Image-backed grounding data:
☆ ☆ ☆ ☆ ☆ ☆ ☆
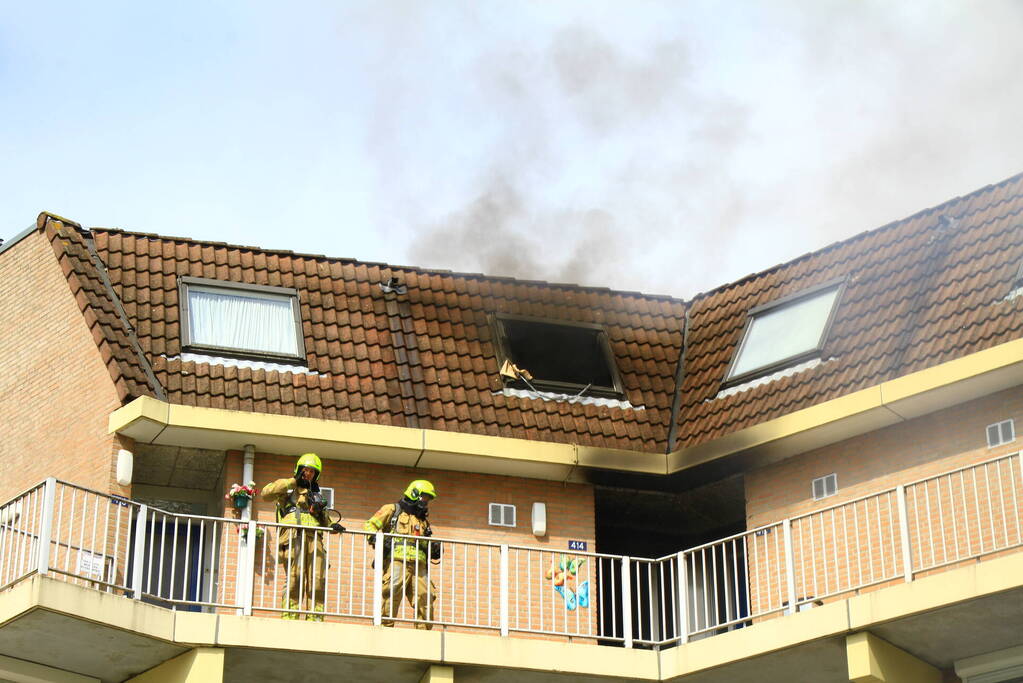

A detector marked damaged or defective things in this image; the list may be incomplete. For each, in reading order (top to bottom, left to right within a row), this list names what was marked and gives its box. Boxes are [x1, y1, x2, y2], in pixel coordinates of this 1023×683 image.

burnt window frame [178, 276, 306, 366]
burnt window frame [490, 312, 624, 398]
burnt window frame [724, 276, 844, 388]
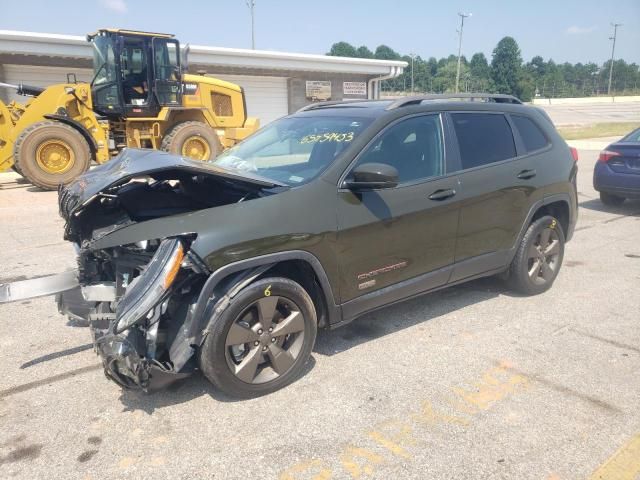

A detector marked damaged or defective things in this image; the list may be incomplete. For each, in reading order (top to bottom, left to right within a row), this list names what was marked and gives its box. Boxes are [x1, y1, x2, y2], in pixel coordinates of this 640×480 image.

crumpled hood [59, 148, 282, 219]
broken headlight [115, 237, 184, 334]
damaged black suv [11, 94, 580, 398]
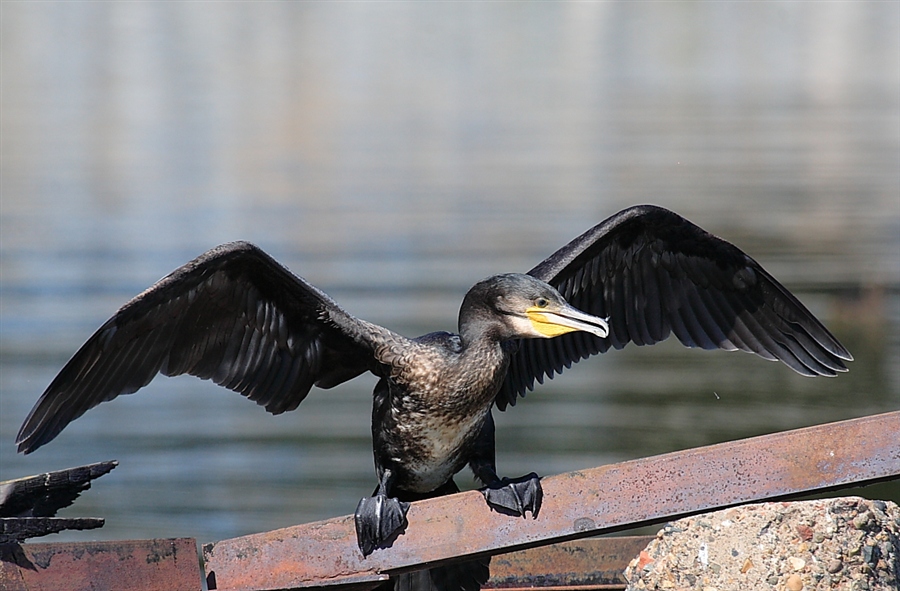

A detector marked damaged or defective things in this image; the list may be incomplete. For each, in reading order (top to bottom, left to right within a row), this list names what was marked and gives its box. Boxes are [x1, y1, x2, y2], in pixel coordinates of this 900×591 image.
☆ ☆ ☆ ☆ ☆ ☆ ☆
→ Work required
Beginning at the line that contains "this 640×480 image.", retype each line of the data above through the very last one. Do not retype the pictures.

→ Result of the task
A detector marked damaged or defective things in this image; the list may be incomplete. For each, in reading order (top to bottom, left to right within a row), this list names what was marked and gives its box. Boxes are [x1, y1, x2, y2], in pixel coordinates of this 640×480 image.

crumpled hood [59, 148, 282, 219]
broken headlight [115, 237, 184, 334]
damaged black suv [11, 94, 580, 398]

A detector marked damaged or defective things in this image; the list may be incomplete. For each, in reading order (top to bottom, left to right within a row), this list names what was marked and gives its box. Boxes are [x1, y1, x2, y2], in pixel coordinates of this 900×591 image.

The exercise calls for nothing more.